A Global and Local Structure-Based Method for Predicting Binary Protein-Protein Interaction Partners: Proof of Principle and Feasibility

TL;DR

This paper introduces a 3D structure-based method for predicting binary protein-protein interaction partners by screening tetrahedral motifs at interfaces, demonstrating its feasibility and potential for scalable, computational docking applications.

Contribution

The study presents a novel, simple, and scalable 3D structure-based approach using tetrahedral motifs for predicting protein-protein interactions, validated on diverse PDB structures.

Findings

Successfully identified putative interaction complexes in PDB structures.

Method shows acceptable specificity and sensitivity in screening.

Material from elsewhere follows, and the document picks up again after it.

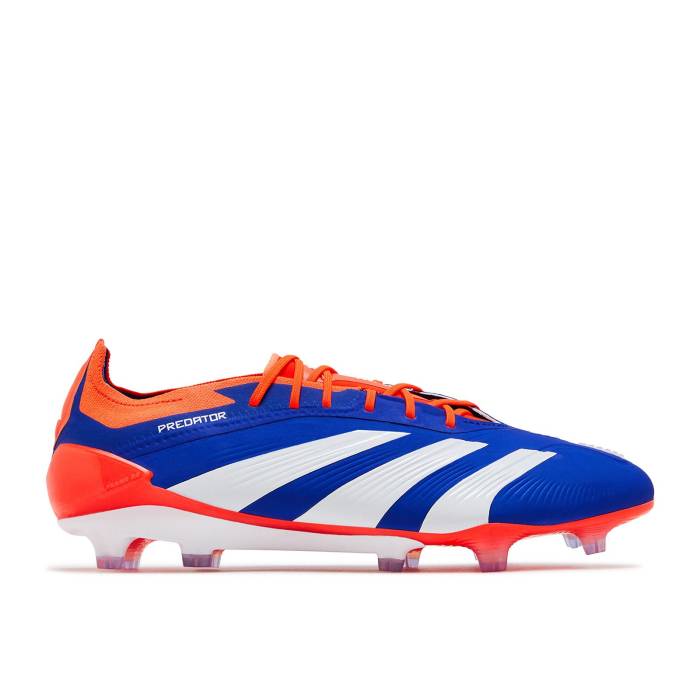 アディダス Adidas 【 Predator Elite Fg \u0027Advancement Pack\u0027 Men Lucid Blue/Cloud White/Solar Red 】 プレデター エリート メンズ 青み 青色 白いこと 白いこと Red 赤・赤いこと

Validated interface overlap and burial metrics support the method's reliability.

Abstract

We report a 3D structure-based method of predicting protein-protein interaction partners. It involves screening for pairs of tetrahedra representing interacting amino acids at the interface of the protein-protein complex, with one tetrahedron on each protomer. H-bonds and VDW interactions at their interface are first determined and then interacting tetrahedral motifs (one from each protomer) representing backbone or side chain centroids of the interacting amino acids, are then built. The method requires that the protein protomers be transformed first into double-centroid reduced representation (Reyes, V.M. & Sheth, V.N., 2011; Reyes, V.M., 2015a). The method is applied to a set of 801 protein structures in the PDB with unknown functions, which were screened for pairs of tetrahedral motifs characteristic of nine binary complexes, namely: (1.) RAP-Gmppnp-cRAF1 Ras-binding domain; (2.) RHOA-protein kinase PKN/PRK1 effector domain; (3.) RAC-HOGD1; (4.) RAC-P67PHOX; (5.) kinase-associated phosphatase (KAP)-phosphoCDK2; (6.) Ig Fc-protein A fragment B; (7.) Ig light chain dimers; (8.) beta catenin-HTCF-4; and (9.) IL-2 homodimers. Our search method found 33, 297, 62, 63, 120, 0, 108, 16 and 504 putative complexes, respectively. After considering the degree of interface overlap between the protomers, these numbers were significantly trimmed down to 4, 2, 1, 8, 3, 0, 1, 1 and 1, respectively. Negative and positive control experiments indicate that the screening process has acceptable specificity and sensitivity. The results were further validated by applying the CP and TS methods (Reyes, V.M., 2015b) for the quantitative determination of interface burial and inter-protomer overlap in the complex. Our method is simple, fast and scalable, and once the partner interface 3D SMs are identified, they can be used to computationally dock the two protomers together to form the complex.